Despite the state of denial about the nature of the conflict, focusing on Israel's plight at least holds the possibility of confronting some unpleasant possibilities of the phased withdrawal from Iraq that so many Democratic leaders are promoting now.

Israel tried withdrawing from its enemies twice. First, in 2000, the Israelis pulled out of Lebanon. It turned out that that only encouraged Arafat, Hamas and other terrorists to conclude that the Israelis had been run out of Lebanon by Hezbollah. Afterward, the Oslo peace process was torpedoed by Arafat despite the remarkable Israeli concessions at Camp David, and a wave of terrorist bombings engulfed Israel, killing and maiming thousands of noncombatant men, women and children.

Last year, the Israelis unilaterally pulled out of the Gaza Strip, uprooting long-established settlements and their residents. Rather than seizing the opportunity to show the world they were capable of responsible self-government, the Palestinians permitted Gaza to become a daily launching pad for rockets aimed at Israeli communities. Then Hezbollah joined in with its missile barrages from Lebanon aimed at indiscriminately killing Israeli civilians, plunging Lebanon into a war that saw much more destruction and death visited on it than Israel.

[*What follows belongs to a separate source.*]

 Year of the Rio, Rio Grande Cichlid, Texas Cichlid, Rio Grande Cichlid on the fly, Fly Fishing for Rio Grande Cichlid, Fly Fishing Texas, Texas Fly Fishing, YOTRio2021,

In pulling out of Lebanon in 2000 and from Gaza last year, the Israelis were trying to make moves toward peace, but both instances were trumpeted by their enemies as defeats, as evidence that the Israelis could be made to run -- encouraging terrorist fantasies that they could run the Jews out of Israel.

The way we leave Iraq will matter.
Posted by:anonymous5089

#2  Ok, my 0,02.

(1) Self-evident.

(2) Hard to tell.
They've never been really defeated, in that sense they never had to pay the piper... for example, lost territories are not really lost, like they are for every other wars... since their claims on them are backed by their foreign sponsors (Moderate Muslims, Eurabia, UN paid and bought by petrodollars).
On the other hand, whack them hard enough, like the conventional wars fought by Israel, and they back off... but they keep on fighting an undeclared subversive war (USSR-created "liberation struggle" by proxy), also because of said oustide backings (and btw, now the balance of power seems to move (Israel perceived defeat in lebanon, US perceived defeat tov come in iraq, coming iranian nukes, conventonal war becomes an option again).

If the World(Tm) suddenly came to its sense, and made explicit the arabs have a price to PAY for this insanity, they'd cease the conventional war (they'd loose) and the 1000-cuts war (they'd have a diplomatical/economical price to pay)... only to seethe, and keep the hope of regaining those lost islamic lands à la al-andalous from generations to generations, waiting for the opportunity, I agree.

(3) Don't be paranoid; if there wasn't the arab factor and its enablers (tranzis, leftists, the occasional rightwingers), no one would care about Israel, at least not the man on the street. It is only because Israel is seen as part of the Great Games by the Elites than the global media mold the public opinions. No sane european wants Israel to be erased and jews to be slaughtered, stop focusing on the LLL and the Euro Enlightened Elites.
Posted by: anonymous5089   2006-11-18 08:57  

#1  There are 3 conclusions.
(1) You cannot make peace by making concessions to Muzzies --- since they want it all, it just encourages them to demand more concessions.
(2) You cannot make peace with Muzzies by defeating them militarily---they're used to that.
(3) Barring a few, statistically insignificant exceptions, the World is just not ready to accept the existence of a Jewish state.